→ **Exercise**: Once the pictures are set aside, transcribe each line of the listing exactly.

→ **Material provided**:
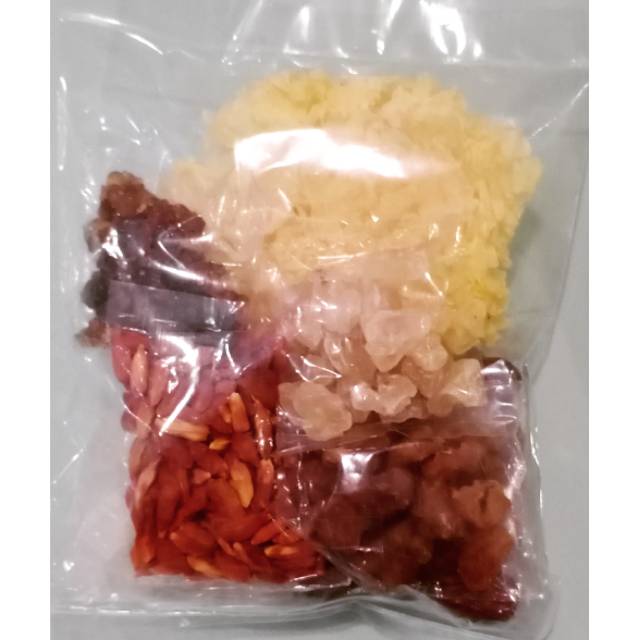 

PAKET DOUBLE COLLAGEN SNOW BIRDNEST+PEACHGUM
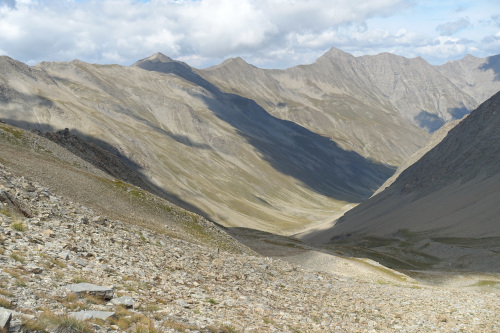 vallon du Bérard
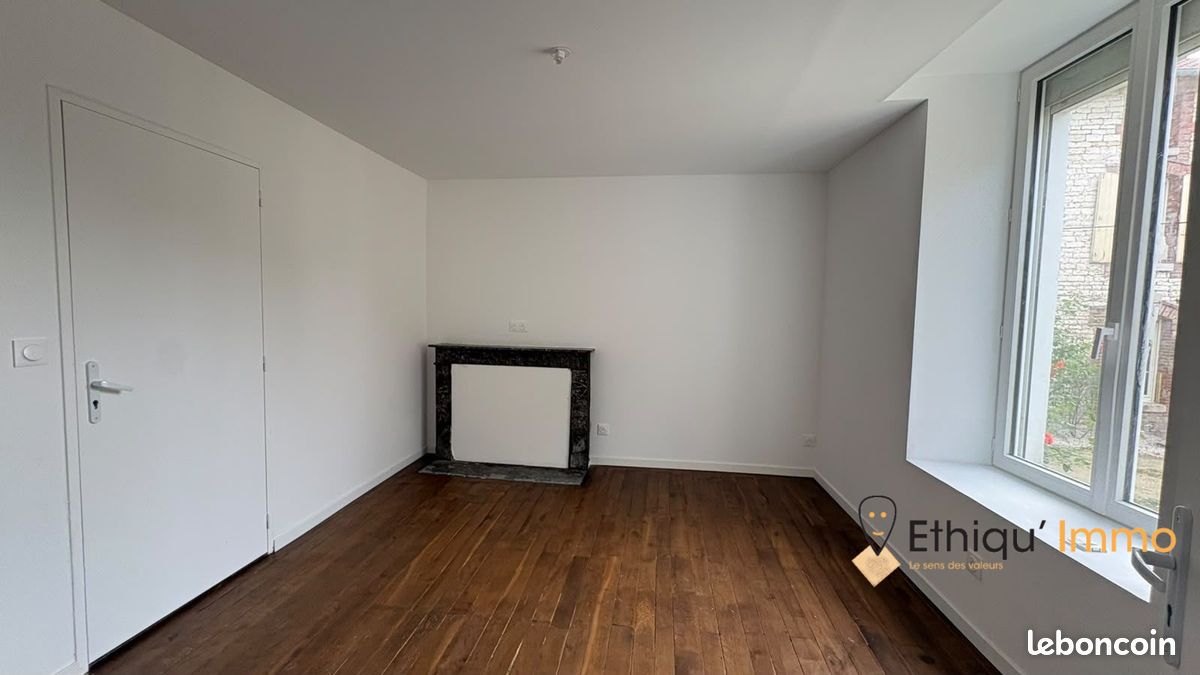 Appartement 1 pièce 28 m² · à Bar-sur-Aube · 28 m² · 380 €/mois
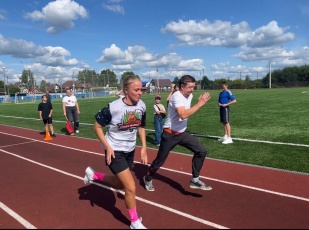 По итогам за 2024 год Кудымкарский округ вошел в пятерку лидеров по внедрению и реализации программы ГТО среди муниципалитетов Прикамья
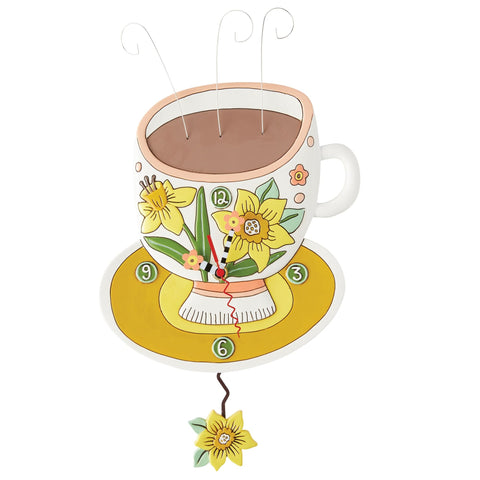 CUPPA JOY UHR ART. 6015367 ALLEN DESIGNS
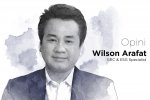 Wilson Arafat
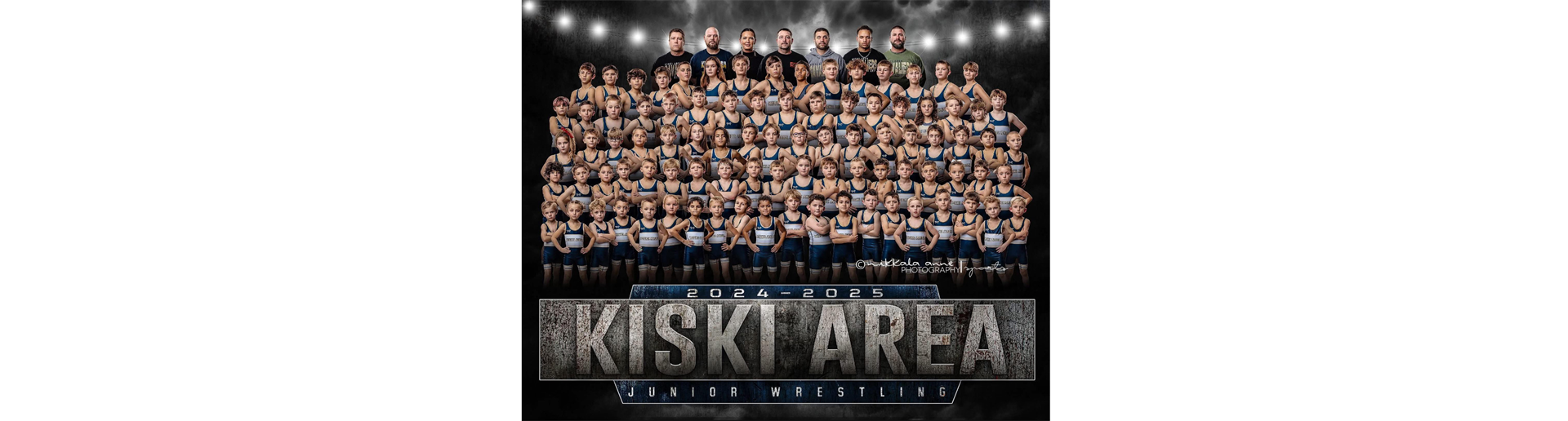 Welcome to Kiski Area Wrestling!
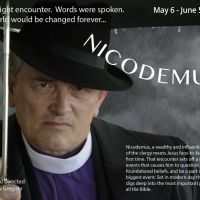Provision Theater Company Presents NICODEMUS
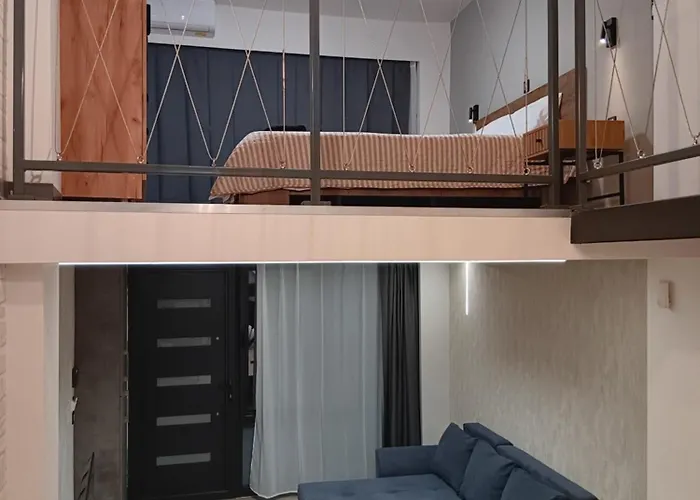 Loft Of E-smile Family * Salonic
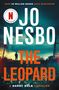 Jo Nesbø: The Leopard, Buch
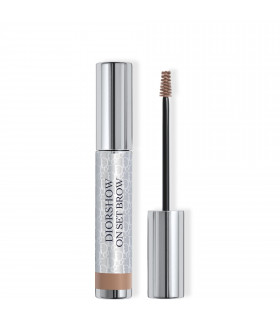 Diorshow On Set Brow - Mascara sourcils - Fixateur de couleur - Effet disciplinant 24h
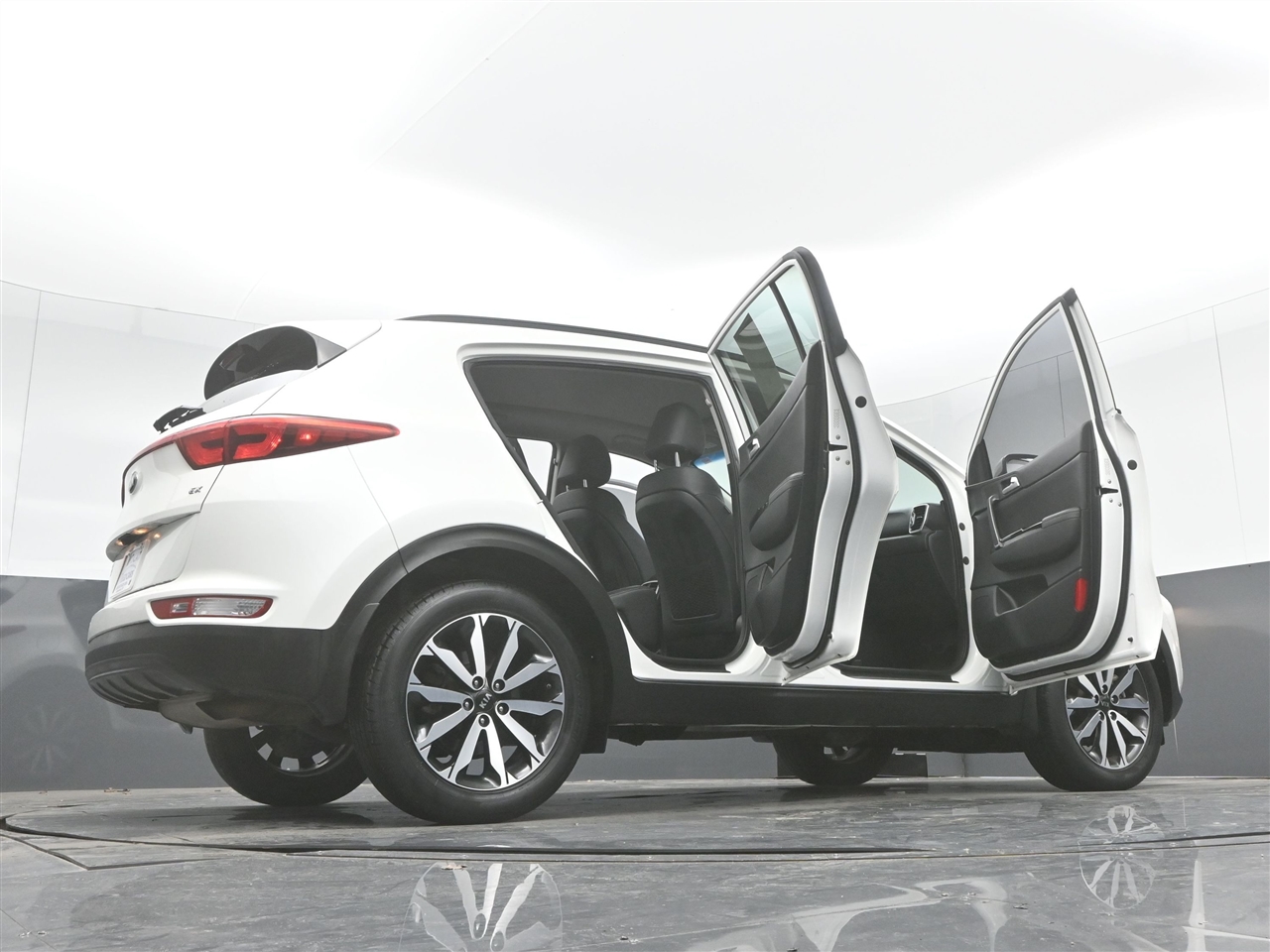 Kia Sportage EX AWD 2019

→ **Problem solution**:
PAKET DOUBLE COLLAGEN SNOW BIRDNEST+PEACHGUM
 vallon du Bérard
 Appartement 1 pièce 28 m² · à Bar-sur-Aube · 28 m² · 380 €/mois
 По итогам за 2024 год Кудымкарский округ вошел в пятерку лидеров по внедрению и реализации программы ГТО среди муниципалитетов Прикамья
 CUPPA JOY UHR ART. 6015367 ALLEN DESIGNS
 Wilson Arafat
 Welcome to Kiski Area Wrestling!
Provision Theater Company Presents NICODEMUS
 Loft Of E-smile Family * Salonic
 Jo Nesbø: The Leopard, Buch
 Diorshow On Set Brow - Mascara sourcils - Fixateur de couleur - Effet disciplinant 24h
 Kia Sportage EX AWD 2019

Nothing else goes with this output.